Measuring Brain Waves Can Help Detect OCD Symptoms in Youth

by Elana Harris, MD, PhD with Paul Horn, PhD, Akiva Kirschner, Jing Xiang, MD, PhD

Editor’s Note: We are excited to share the results of this investigation of brain waves in youth with OCD, which was funded by a donor-supported grant from the International OCD Foundation, as well as a K23 research grant from the National Institute of Mental Health (NIMH).

As a child and adolescent psychiatrist, I have seen firsthand that youth with OCD are often reluctant to share their symptoms and even to acknowledge that they have a disorder at all. In youth, as in adults, OCD symptoms are often overlooked or unnoticed by others or hidden by the patient. These factors present barriers to early detection and treatment of OCD in children, and are complicated by the lack of an objective test that can augment the questions clinicians ask their patients during clinical interviews.

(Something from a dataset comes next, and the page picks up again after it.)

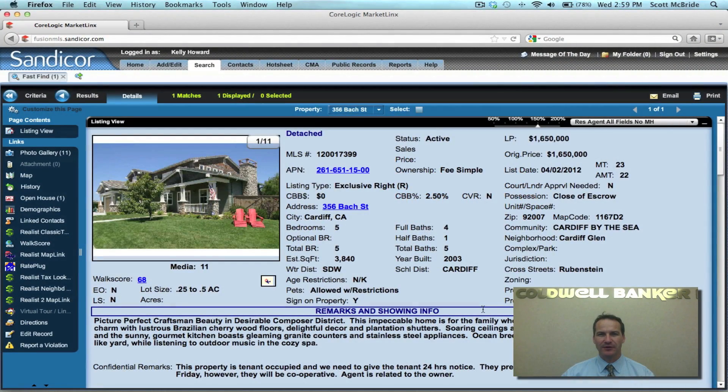Hi, I'm Kelly Howard with Coldwell Banker in Encinitas, and I'd like to share with you a quick sneak preview of what I saw on Broker Caravan today. Broker Caravan is a day where all agents, or most agents, are invited to preview most of the new listings that come into today's market. This particular property is my top selection out of multiple homes that were on today.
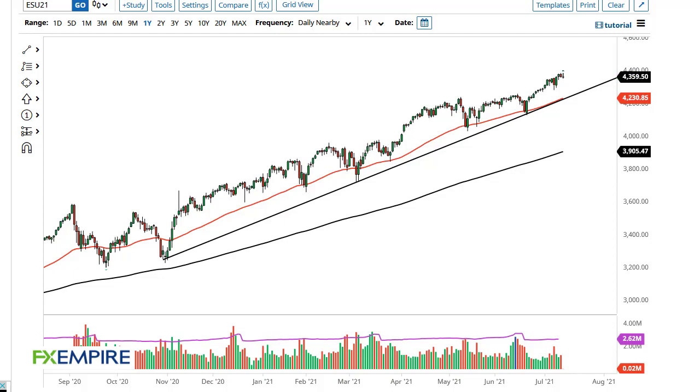From FX Empire, this is Chris taking a look at the S&P 500. As you can see, the S&P 500 initially tried to rally but then gave back the gains to form a less-than-enthusiastic candlestick. With that being the case, I think what we're looking at here is a scenario where we could drop from here.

As a result, treatment is initiated in adolescents an average of two years after the first symptoms of the disorder begin to appear (Walitza et al., 2008).

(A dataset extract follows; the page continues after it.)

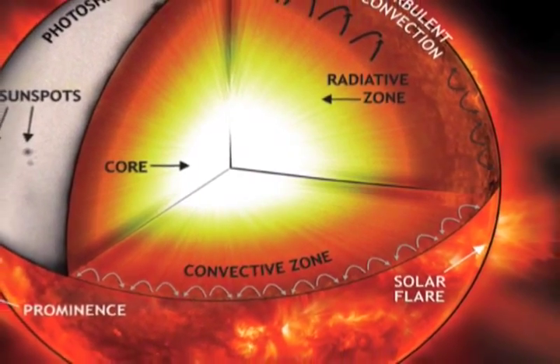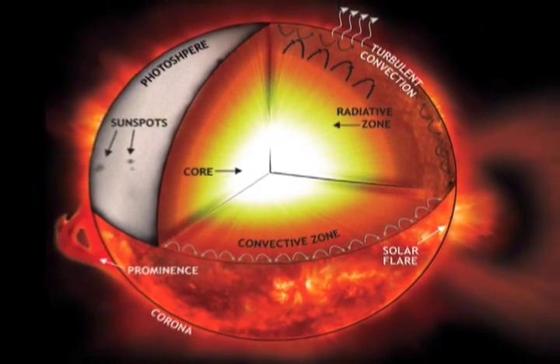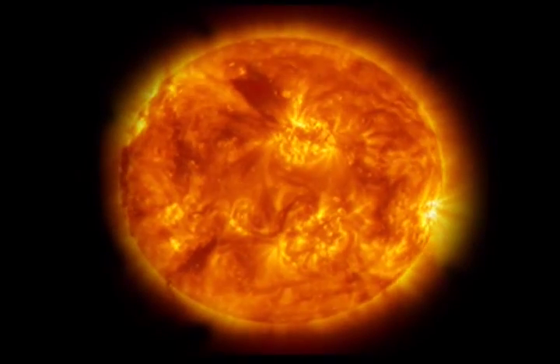Actually, at the center of the sun, it's like 15 million degrees. But as it moves out, it gets more and more diffuse. And at the surface, the surface temperature of the sun is about 5,000 degrees. And that's what we see — 5,000 degrees.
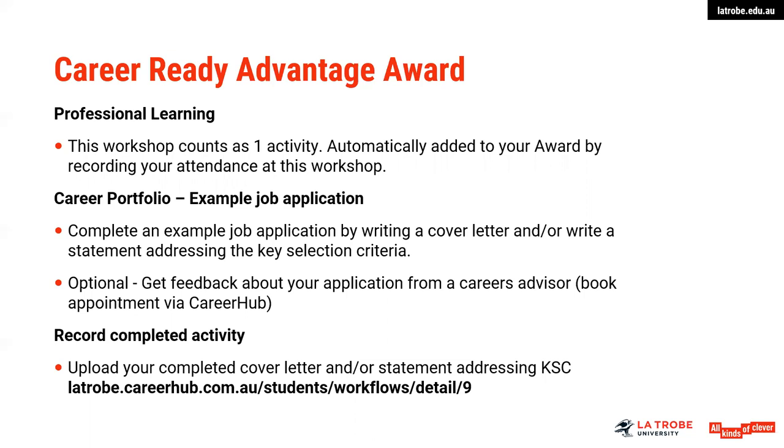Thank you for listening to this webinar. I hope that has been useful. Please be encouraged to seek further assistance should you require it on any aspect of your job application documents or careers support from your local careers team at La Trobe University.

BACKGROUND & RESEARCH GOALS

Brain waves are patterns of electrical activity in the brain that can be measured using specialized equipment, such as an electroencephalogram (EEG). Researchers have found detectable differences when looking at the brain wave patterns of people with mental health disorders like OCD and ADHD, compared to brain wave patterns observed in healthy individuals. The U.S. Food and Drug Administration has approved the use of an EEG, together with a clinical interview, to confirm a diagnosis of ADHD in children (Snyder et al., 2015), and EEG may also be used to better understand the course ADHD will take in these children (Arns et al., 2013). In these ways, brain waves are being used as a biomarker. In other words, they are something that we can detect in the body that has changed due to an illness and can be measured through a test.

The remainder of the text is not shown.